*** Opening of Provided material ***

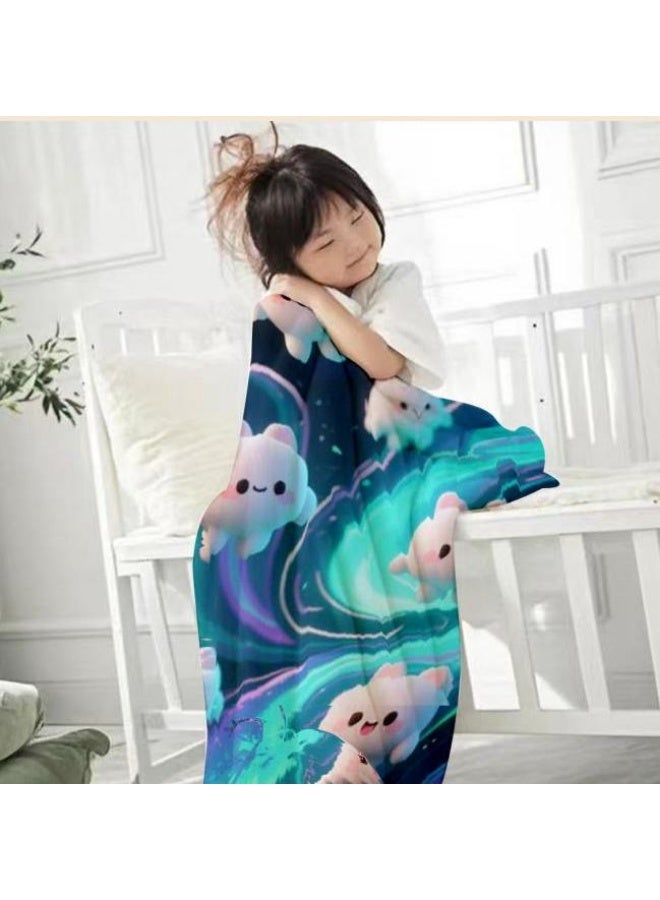 general Baby and children's cartoon flannel thin blanket (warm and comfortable, suitable for sleep, game use) 70cm*100cm - Image 2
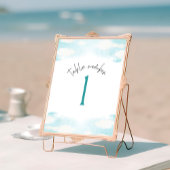 Numéro De Table Nuage 9 Fête des mariées bleue et blanche 1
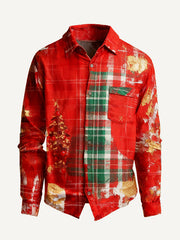 Distressed and faded high-end printed Christmas shirt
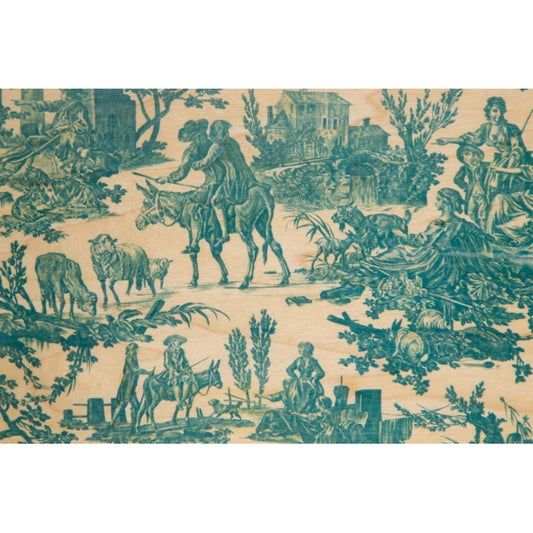 Carte en bois toile de jouy meunier vert W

*** Close of Provided material ***

Exercise ->
Write down exactly the lines running from the line with "Distressed and faded" through the end of the material, both ends included, and none of the pictures.

Task response ->
 Distressed and faded high-end printed Christmas shirt
 Carte en bois toile de jouy meunier vert W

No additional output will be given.